Dabei ist die Finanzierung der 13. AHV-Rente noch immer ungelöst. Trotzdem fordert die Initiative den nächsten milliardenschweren Ausbau. Wer heute ohne Gegenfinanzierung ausbaut, verschärft morgen den Reformdruck – mit absehbaren Folgen: höhere Lohnabgaben, höhere Mehrwertsteuern oder Leistungskürzungen.
Zahlen müssen vor allem die Jungen, die heute arbeiten und morgen Renten beziehen möchten – in einem System, das immer mehr Lasten auf immer weniger Schultern verteilt.
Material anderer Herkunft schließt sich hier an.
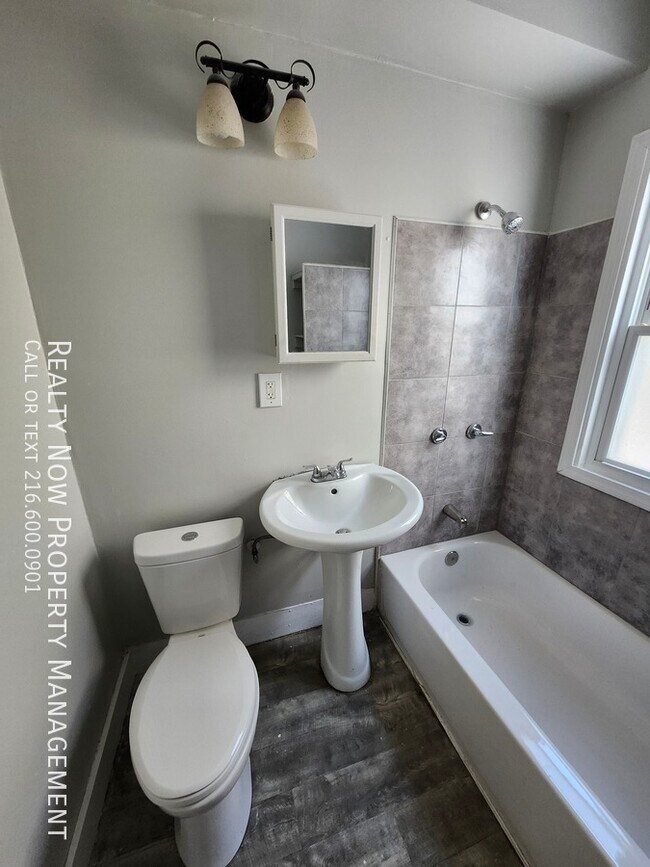 Photo - 2 Bedroom 1 bath Unit Unidad 1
Ein Angriff auf das Prinzip der Generationengerechtigkeit
Wer von Gerechtigkeit spricht, muss auch an die denken, die das System langfristig tragen. Die vorliegende Initiative tut das nicht. Sie richtet ihre Initiative an eine Bevölkerungsgruppe, die besonders abstimmungsfreudig ist – ältere, verheiratete Paare – und verspricht ihnen eine bessere Rente, ohne die finanziellen Konsequenzen offenzulegen.
Die politische Logik ist klar: Stimmen kaufen mit ungedeckten Versprechen. Doch Gerechtigkeit bedeutet nicht, einer Gruppe Vorteile zu verschaffen, indem man die Lasten auf alle anderen verteilt. Besonders dann nicht, wenn jene Gruppe bereits im bestehenden System überdurchschnittlich gut gestellt ist.
Fazit: Wer Gleichbehandlung will, muss alle Seiten sehen
Die Plafonierung von Ehepaarrenten ist ein Teil eines Gesamtsystems. Es gibt gute Argumente, dieses zu reformieren. Einfach ein Element herauszubrechen ist aber keine Lösung. Eine Reform muss auch bei den Privilegien der Ehe bei der AHV ansetzen.
Die Initiative aber tut das Gegenteil: Sie präsentiert ein einseitiges Bild, verschweigt systemische Vorteile und verursacht Milliardenkosten – ohne Rücksicht auf die Finanzlage der AHV oder auf die Generationen, die sie tragen sollen.
Wer die AHV erhalten will, braucht keine populistischen Ausbauvorlagen – sondern Ehrlichkeit, Augenmass und Verantwortung.